To respond to your actual question about whether this is a good
encoding: Yes, it is. Gerald Tesauro published a paper quite a while
ago (I think it was in the journal "Artificial Intelligence" around
1989) about the precursor to TD-Gammon, named Neurogammon. The
Neurogammon feature set allocated inputs as follows:
1 boolean input, set if Black has a blot on this point,
1 boolean input, set if Black has a block (2 or more men),
1 boolean input, set if Black has exactly 3 men on this point,
1 boolean input, set if Black has exactly 4 men on this point,
1 integer input, set to the number of men beyond 4 on this point.

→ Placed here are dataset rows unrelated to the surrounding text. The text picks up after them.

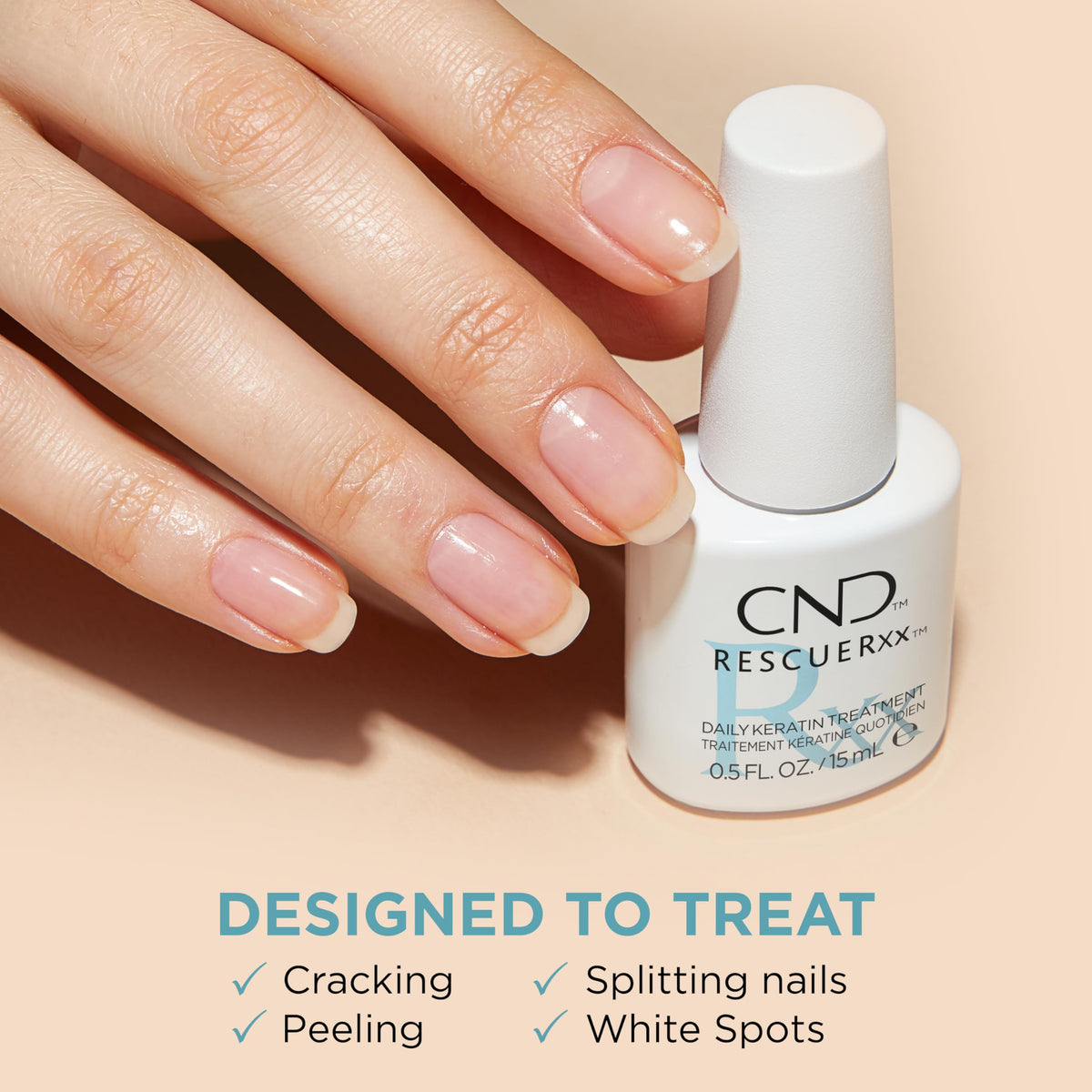 CND Vinylux RescueRXx Daily Keratin Treatment, 0.5 Fl Oz 🍁 All In One Marketplace Canada
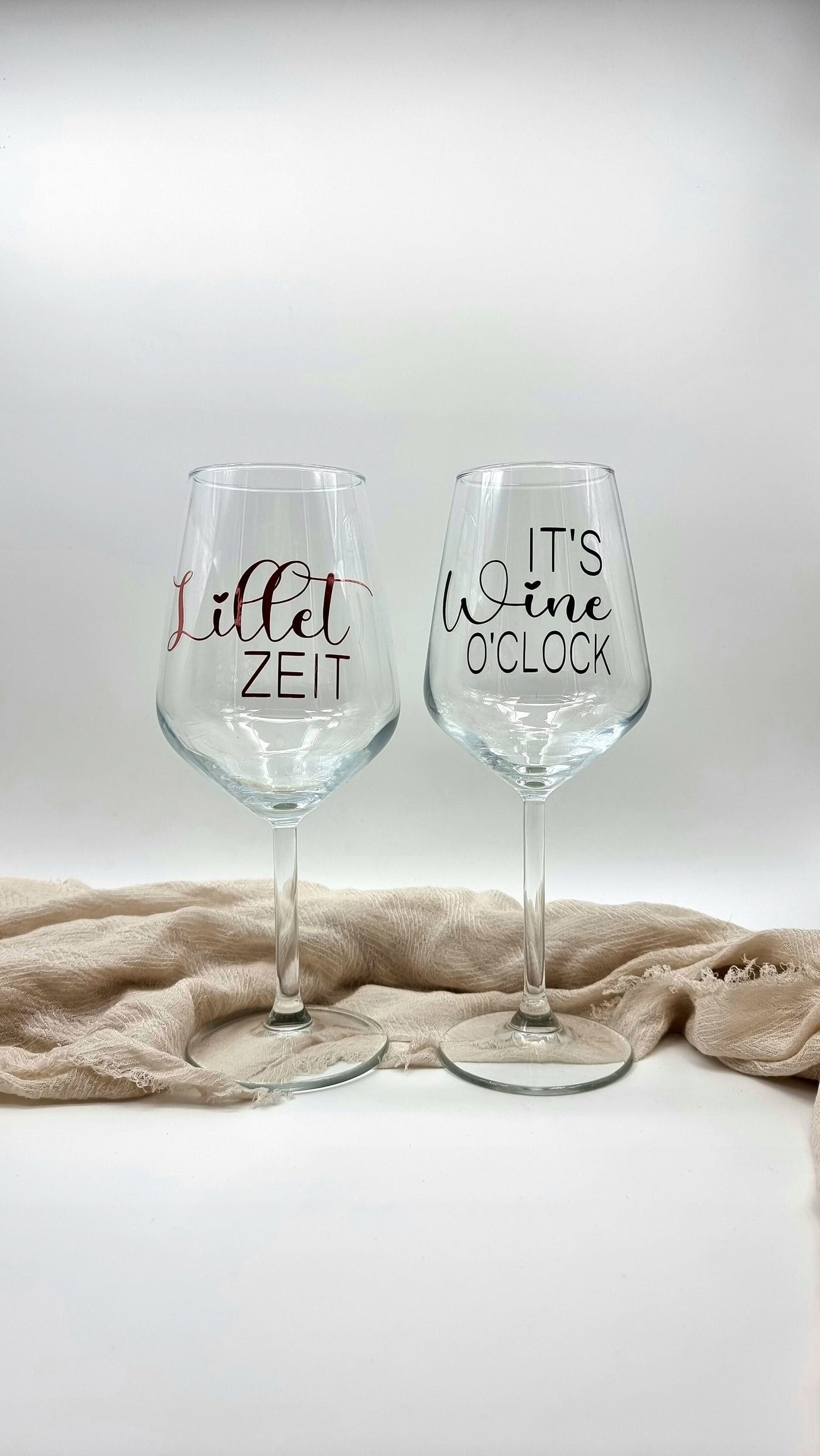 Weinglas personalisiert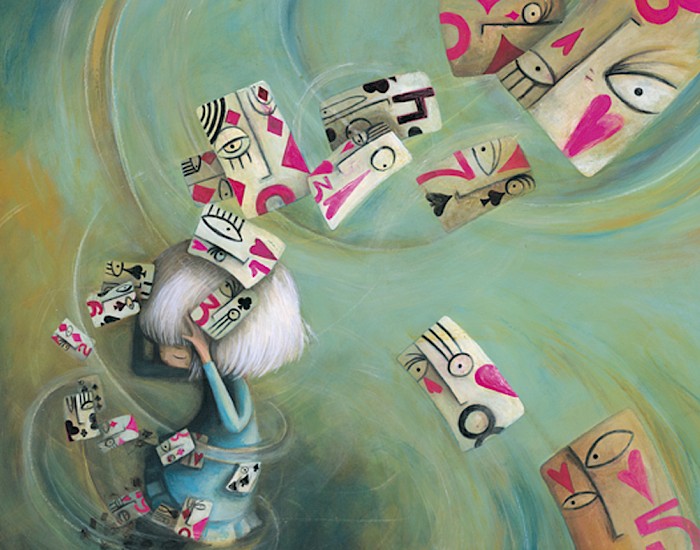 Illustration from "Alice au pays des merveilles", published 2020 by Alice Jeunesse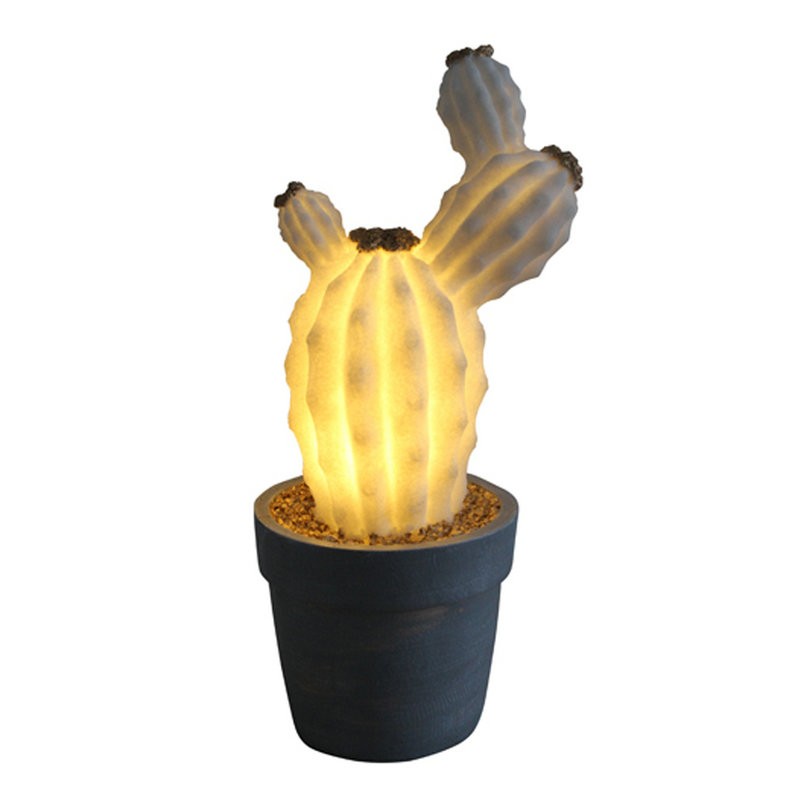 Lampu Malam Cactus Batu Pasir Taman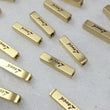 Personalized Beads - Engraved Beads - Custom Spacer Beads - Stainless Steel Metal - Edelstahlperlen Silber Gravur - Jewelry Bracelet Making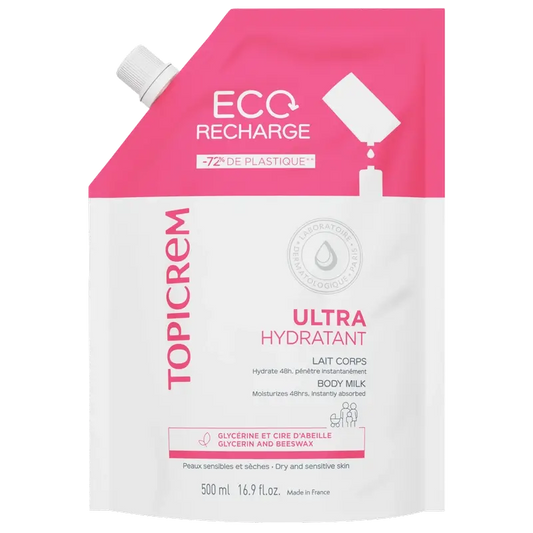 Topicrem Uh Recharge Latte corpo ultra-idratante, 500 Ml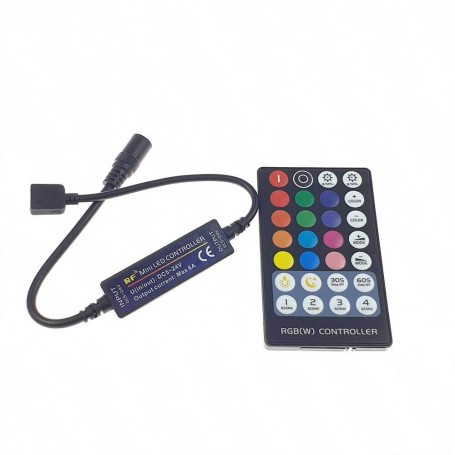 Mini contrôleur RGB avec télécommande radio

There are 5 inputs per side per point. There are 24 points, plus the
bar (one bar for each color). I don't remember how Tesauro handled
men borne off, nor how he handled the side to move.
Tesauro supported his method by comparing it to another system of
inputs. He also argued that this system contains a lot of semantic
content (the concepts Blot, Block, Builder, and Overloaded are
inherent in the inputs), and so neural network capacity does not
need to be devoted to identifying those features.
Note that this input set, by itself, is not sufficient to play a
strong game. Tesauro's best program using this feature set played at
a "strong intermediate" level. This basically means that the program
would clobber a novice, but it still makes lots of errors.
Tesauro's feature set for TD-Gammon has never been published, since
IBM regards it to be a trade secret. But you have to figure it
contains a few strategic concepts (e.g. the safe-play-versus-bold play
criteria from Magriel) and tactical factors (like counts of shots
or point-making rolls). There is a lot of scope for creativity here.